Admiral Brett Giroir M.D.: (02:40:33)
Yep. Yes, sir. There’s some policy discussion, and we certainly want to support the states, but we think it’s a priority, as I know you do, to open education, K through 12, even preschool and potentially universities. But I think universities are in a different class because they have resources, so we do want to emphasize very strongly the protection of teachers and the reopening of K through 12 as a significant priority for [crosstalk 02:41:02].
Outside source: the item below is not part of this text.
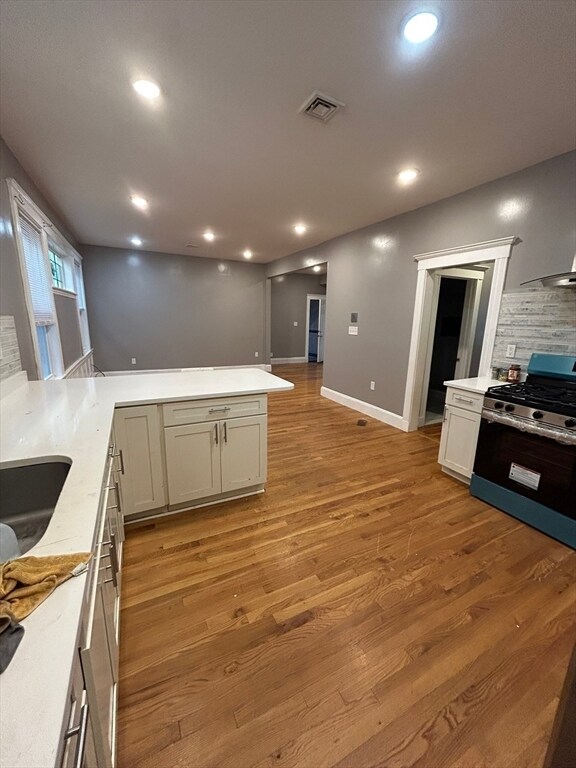 Building Photo - 36 Hosmer St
Senator Lamar Alexander: (02:41:01)
Well, I certainly do too, but some states are doing some things, some states are doing others, so I think it’s a good idea to reserve some of … First, I congratulate the administration on buying the full three-month supply of that, which as I understand it, about 50 million tests a month starting in October with several million this month, and then assigning it to the priorities like nursing homes, et cetera, and then giving a lot to states, which would be … I mean, if the state of Tennessee got 200,000 tests a week that it knew it could distribute during the rest of this school semester, my guess is many of them would go to schools because the ones who are most worried about that are not the kids, it’s the teachers and the parents and the grandparents when the kids go home. So I think that’s tremendously reassuring, the prospect that a state might receive that many rapid tests just from that source.
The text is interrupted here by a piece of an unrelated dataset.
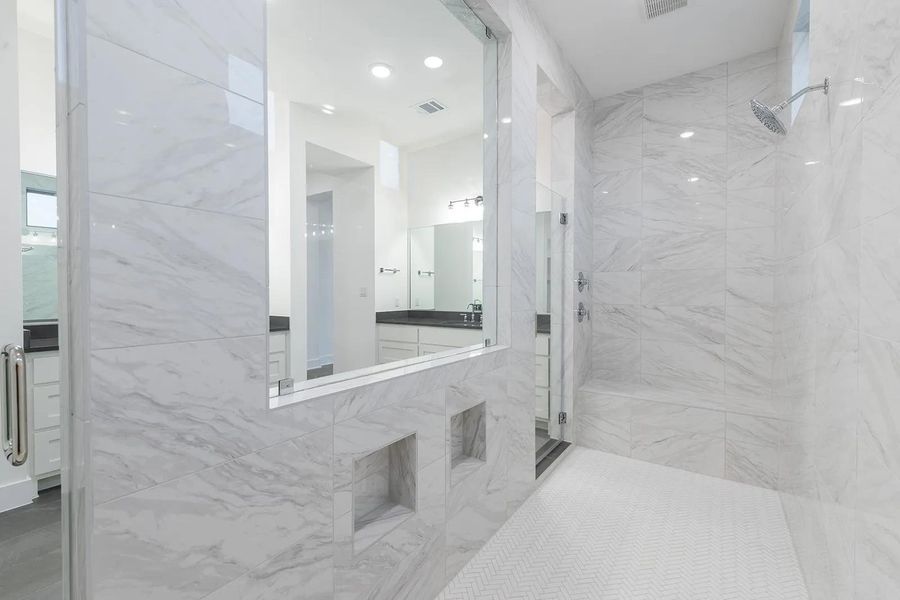 Lynmar IV G primary bath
Senator Lamar Alexander: (02:42:07)
And Dr. Redfield, and we’ll conclude with this, because I think Senator Murray does not want to say anything now, but one time you and I had a discussion about guidance that used examples. I think we talked about colleges, and I think you did that. Maybe one way to help clarify the use of tests for asymptomatic individuals would be to list five, six, eight, 10 examples of schools, colleges, workplaces, that are doing that now that make sense, and I’ll let you decide what those might be. It wouldn’t be only those things, but I think if you said, “These are all the kinds of ways that this large number of tests that we have may be used effectively and sensibly to build confidence in going back to school, work, childcare and out to eat,” that might be easier for people to read and understand than the words in a guidance, so the use of examples is a suggestion I would make.

Dr. Redfield: (02:43:16)
I appreciate your advice, sir.

Senator Lamar Alexander: (02:43:19)
Thanks to the three of you. As Senator Blunt said, we’re grateful to you for your long hours, for your effective work, for your planning, and if the money that this appropriation subcommittee has targeted for you isn’t forthcoming and the way that Congress intended for it to be, we expect you to let Senator Blunt, Senator Murray and others of us on the subcommittee know that. The record will stay open for one week. The subcommittee stands adjourned. (silence).